ROAZ president Bongai Zamchiya said the livelihoods of restaurateurs, staff and suppliers were on the brink of collapse and the only options available were urgent re-opening or immediate and substantial financial support.
“We have been and remain in full support of the national effort to eliminate Covid, but as a trade we are now at a crossroads and require a collective rethink,” he said.
“Contrary to a common misperception, well-run restaurants are not venues for spreading Covid but are hygienic in concept and operation, posing little if any threat to customers, certainly no greater than any other business or home environment.
“In addition, more than 75 percent of staff of our members have been vaccinated so far and practices of sanitisation and social distancing on site and behind the scenes are undertaken in full compliance with law and expectations.”
He said ROAZ members were active in combatting Covid in many ways and would continue to do so.
“Another misperception is that takeaway services, which are still permitted, cover even a reasonable percentage of costs of operation that remain in place for restaurateurs during closure to sit-down dining, such as wages, rents, security, refrigeration and the many statutory licences paid to central and local government,” he said.
“They do not, as verified by a survey carried out in February, which showed income levels from takeaways of between eight and 18 percent of normal, which is un-sustaining and unsustainable.”
Restaurants have been either closed or in partial operation for the past 14 months and many have closed permanently, while those remaining all face financial ruin and closure.
“Our members are serious professionals whose commitment to customer safety and national health issues is without question, and it is easy to monitor their operations,” said Zamchiya.
“We request urgent re-opening of restaurants and commit to compliance and to support for measures of safety, knowing that our venues are more hygienic than just about any other business operation or service.”
International health, culinary and labour organisations have in the past year been active in highlighting the importance of restaurants in communities, both as places of necessary nutrition and feeding, as well as contributors to economic well-being within developing countries.

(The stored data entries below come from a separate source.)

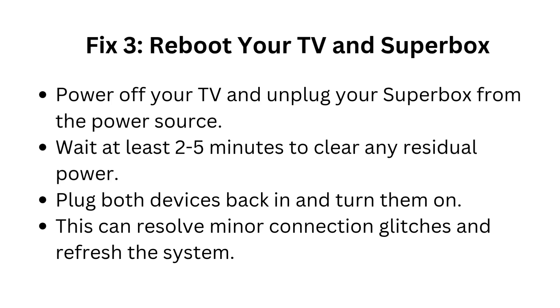Fix 3: Reboot your TV and Superbox. Power off your TV and unplug your Superbox from the power source. Wait at least 2-5 minutes to clear any residual power. Plug both devices back in and turn them on. This can resolve minor connection glitches and refresh the system.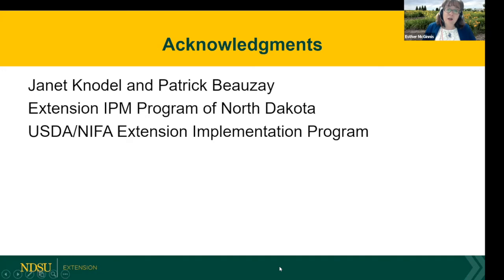I have to acknowledge Jan Canodal and Patrick Bozay — they're great partners in all of our pollinator programming and we really enjoy working with them. They included us in their extension IPM program grant for North Dakota, which was funded by the USDA NIFA extension implementation program. That's part of the funding we've received to do our programming with respect to bee lawns. We also have programming money to do monarch monitoring for the next two and a half years. Thank you to Jan and Pat, and thank you to USDA NIFA for the funding. At this point, I'll take questions.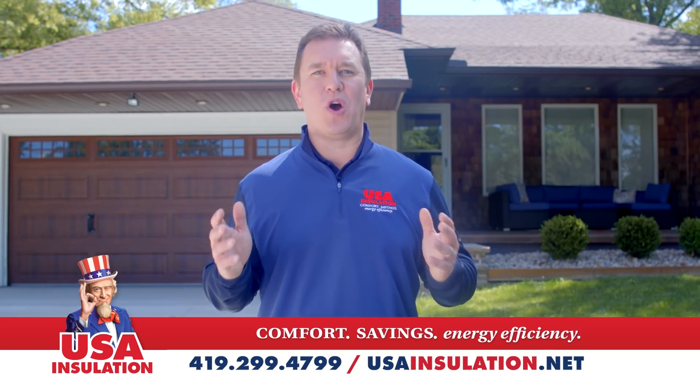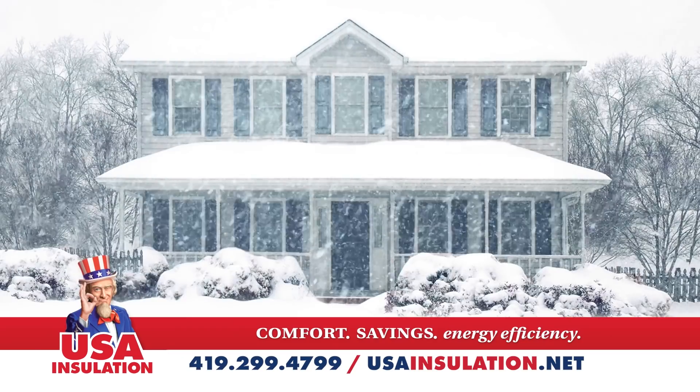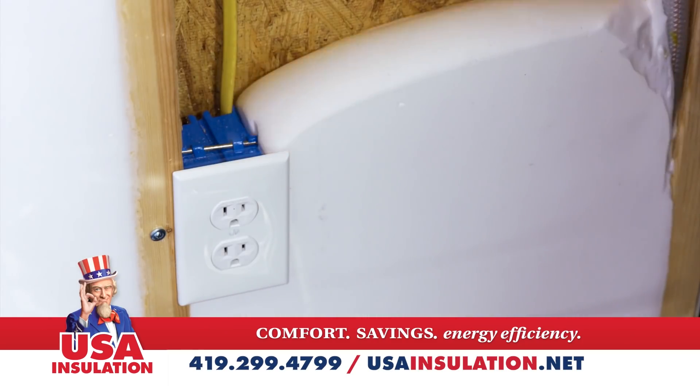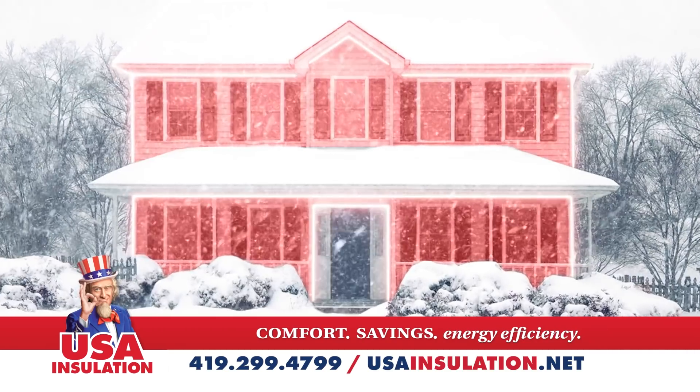It's time to winterproof your home. This year you're going to be warm and comfortable no matter what the weather. First we'll foam your walls. Now this isn't any ordinary insulation — this is USA Premium Foam, up to 45% more effective than conventional insulation.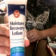Next is the Walgreens Moisture Recovery Lotion — hypoallergenic and fragrance free. I get it for 99 cents at Walgreens. Love it.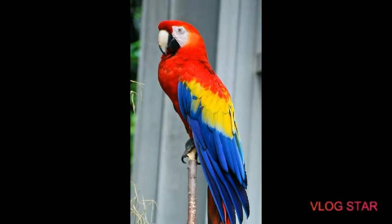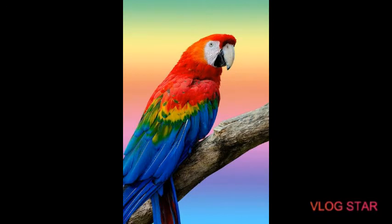Hi guys, welcome to my channel BTS Buddies. Today I am going to talk about scarlet macaw care — specifically their features, origin, diet, price, and cage.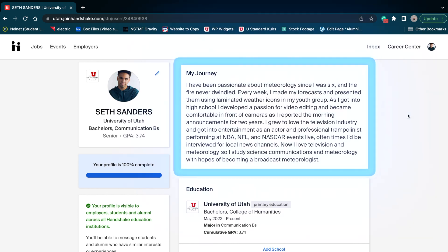This is the My Journey section. This should include things like your story, your interests, your goals. Honestly, just write about how you got to where you are today and where you would like to go.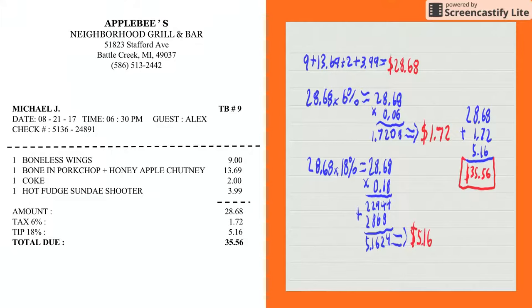The 6% tax was $1.72. The 18% tip was $5.16, and the total check was $35.56. That makes sense. Thank you for listening to my presentation, and I'll see you later.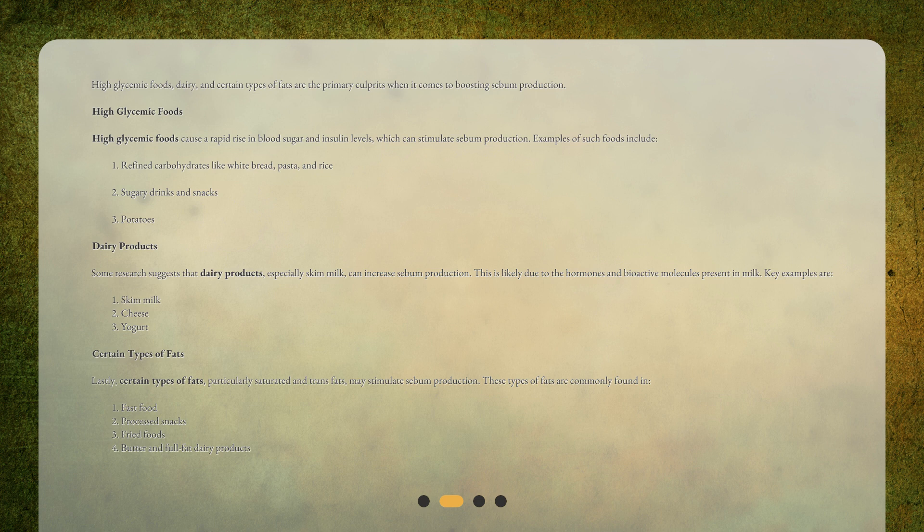Key dairy examples include skim milk, cheese, and yogurt. Certain types of fats — particularly saturated and trans fats — may also stimulate sebum production. These are commonly found in fast food, processed snacks, fried foods, butter, and full-fat dairy products.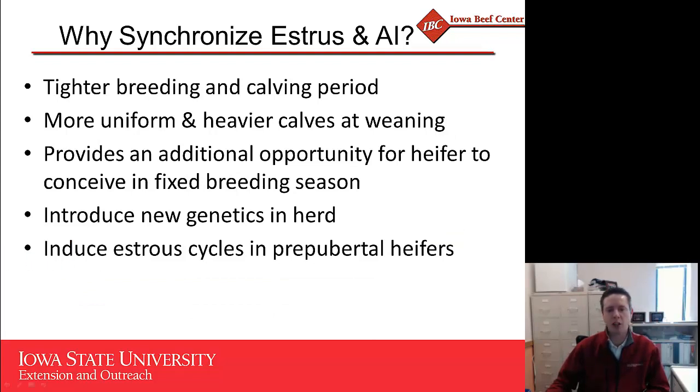Utilization of estrus synchronization AI also allows us to introduce new genetics into the herd — higher-accuracy sires, and potentially some crossbreeding not possible in a typical natural service environment. Additionally, with many of the protocols we use today, utilizing either MGA (melengestrol acetate) or progesterone-based CIDR inserts, we can induce estrous cycles in prepuberal heifers. So if heifers came into the breeding season a little thinner than desired and are on the verge of becoming pubertal but not quite there, these protocols can jump-start them and get them cycling for the beginning of the breeding season.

These organisations have also pointed out that as social gathering points restaurants play a significant role in maintaining mental health in communities.
Across the world there has been a major rethink on restaurant closures and many lockdowns have been implemented without resorting to restaurant closures.
Zamchiya said ROAZ had been encouraged by the Government’s recent localised lockdowns as a practical solution to containing outbreaks in particular areas, while allowing commercial and social activities to take place safely in other areas.
“On the day of the announcement only eight new cases of Covid were reported in Harare but operators in the city have been closed to sit-down dining,” he said.
‘There is nothing frivolous about restaurant operations and we hope for a willing ear as we pledge to support the anti-Covid drive while at the same time remain in operation,” said Zamchiya.
‘We recognise there are some ‘eating places’ that are devoid of health practices and, of course, we do not mean for these to be re-opened, but with respect to our member operators, which are solid, responsible and reliable business operations, we call for urgent re-opening for safe operation of an essential service.”